O que os filhos vão aprender sobre o caráter se os próprios pais estão dispostos a subornar as universidades para que seus filhos entrem sem o devido mérito?
O cineasta e comediante Woody Allen tem um conto divertidíssimo chamado A rejeição. É a história de um russo do mercado financeiro que vive em Manhattan e entra em desespero ao receber uma carta com o aviso da expulsão de seu filho de três anos da melhor creche da cidade.
Com um perfil obsessivo, como o do próprio Allen, o pai começa a ter calafrios ao imaginar o que essa notícia representa para o futuro de seu rebento: acabou tudo! Ele será um indigente, não será aceito em nenhuma das boas universidades, não vai conseguir um bom emprego.
O exagero é divertido justamente porque toca na realidade: em certos círculos elitistas, não conseguir acesso “àquela” escola ou mesmo creche já pode representar uma sensação de exclusão. O filhinho não montou direito os blocos de armar, foi vetado na creche? Então melhor esquecer Yale, Harvard ou alguma outra da “Ivy League”.
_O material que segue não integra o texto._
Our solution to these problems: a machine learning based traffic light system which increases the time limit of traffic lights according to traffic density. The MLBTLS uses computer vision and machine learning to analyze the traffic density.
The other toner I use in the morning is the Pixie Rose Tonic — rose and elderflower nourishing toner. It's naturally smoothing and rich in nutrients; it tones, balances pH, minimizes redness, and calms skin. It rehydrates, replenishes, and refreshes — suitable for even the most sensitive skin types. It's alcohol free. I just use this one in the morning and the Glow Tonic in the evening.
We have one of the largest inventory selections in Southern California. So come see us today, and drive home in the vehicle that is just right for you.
Lembrei-me desse conto ao acompanhar uma notícia que teve grande repercussão aqui nos Estados Unidos, mas que sequer foi mencionada no Brasil. Um grande esquema de corrupção envolvendo as melhores universidades foi exposto pela Justiça, resultando em prisões. Artistas e ricaços subornaram técnicos de esportes ou funcionários das universidades para facilitarem a entrada de seus filhos nelas. Em alguns casos, centenas de milhares de dólares foram gastos.
Se alguém estudou em Yale ou Harvard, presume-se que seja inteligente, dedicado e de boa formação
Quando pais milionários torram meio milhão para que seu filho possa frequentar Yale, cabe perguntar: qual o real benefício disso? Para que serve a universidade? E o vídeo de uma das beneficiadas pelo esquema talvez traga a melhor resposta: ela confessava que não iria estudar muito, pois é modelo e viaja bastante, mas que teria muita diversão por lá e conheceria muita gente legal. A sinceridade é tocante, mas ela não está errada.
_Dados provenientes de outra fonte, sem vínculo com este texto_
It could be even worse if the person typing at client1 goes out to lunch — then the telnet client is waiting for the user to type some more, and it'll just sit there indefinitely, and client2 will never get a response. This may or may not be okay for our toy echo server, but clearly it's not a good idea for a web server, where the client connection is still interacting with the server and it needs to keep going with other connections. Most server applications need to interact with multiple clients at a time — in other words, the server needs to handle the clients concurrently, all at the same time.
A triste verdade é que muitas universidades, hoje, servem apenas para essas duas funções, basicamente: rede de contatos e credencial. É a opinião do conservador Ben Shapiro. Se alguém estudou em Yale ou Harvard, presume-se que seja inteligente, dedicado e de boa formação, com um network invejável. Na cultura do diploma, o que vale é o selo em si, além dos contatos feitos durante aqueles anos de “estudo”. A crème de la crème da sociedade frequentou o mesmo lugar, e dali vão sair os herdeiros de empresas, os CEOs, os senadores.
Claro que estou generalizando, mas o escândalo mostra bem como o principal fator é mesmo o “pertencimento” ao seleto grupo, não necessariamente o conteúdo ensinado ali. Até porque podemos assumir que quem não tem capacidade para entrar por mérito próprio não deveria sequer conseguir concluir o curso. Ainda existem cursos que efetivamente ensinam coisas úteis para o mercado de trabalho, sem dúvida. Mas estão concentrados nas áreas de exatas, enquanto as ciências humanas parecem dominadas por pautas políticas e ideológicas, que agregam pouco ou nenhum valor concreto.
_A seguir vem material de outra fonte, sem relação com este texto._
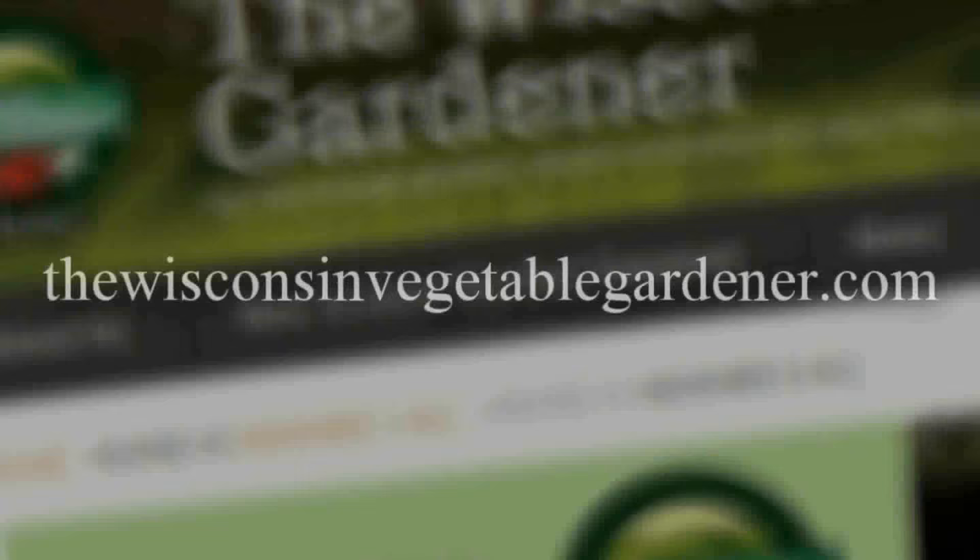Thanks for joining us. Join us again next time for more organic gardening and food preserving. I'm Joey Baird and this has been the Wisconsin Vegetable Gardener. For more information, please visit thewisconsinvegetablegardener.com.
É espantoso o grau de destruição da qualidade do ensino universitário, tanto no Brasil como aqui nos Estados Unidos. Os resultados estão aí para quem quiser ver: inúmeros militantes “progressistas” que, de forma arrogante, querem “salvar o planeta” ou “construir um novo mundo”, mas não sabem o básico de história, brigam com a matemática, flertam com o socialismo e defendem agendas radicais.
Vários autores já trataram do tema, como Roger Kimball em Radicais nas universidades, David Horowitz em The Professors, Bruce Bawer em The Victims’ Revolution, Greg Lukianoff em Unlearning Liberty, entre outros. No caso brasileiro temos o excelente livro de Flávio Gordon, A corrupção da inteligência, que já resenhei nesse espaço. O fato preocupante é que as universidades foram tomadas por revolucionários com uma agenda política e ideológica, e isso produziu um efeito devastador no ensino. Somado ao politicamente correto, que criou os “espaços seguros” contra as “microagressões”, isso gerou uma catástrofe de grandes proporções na qualidade das universidades.
Aquele que deveria ser um local para se absorver conhecimento, aprender a pensar por conta própria, trocar argumentos em debates calorosos, produzir uma elite intelectual preparada para o mundo real, acabou se transformando em máquina de produção de mimados arrogantes e ingratos, que repetem slogans vazios e votam em Bernie Sanders, o democrata simpático ao regime soviético. E os pais gastam fortunas para isso!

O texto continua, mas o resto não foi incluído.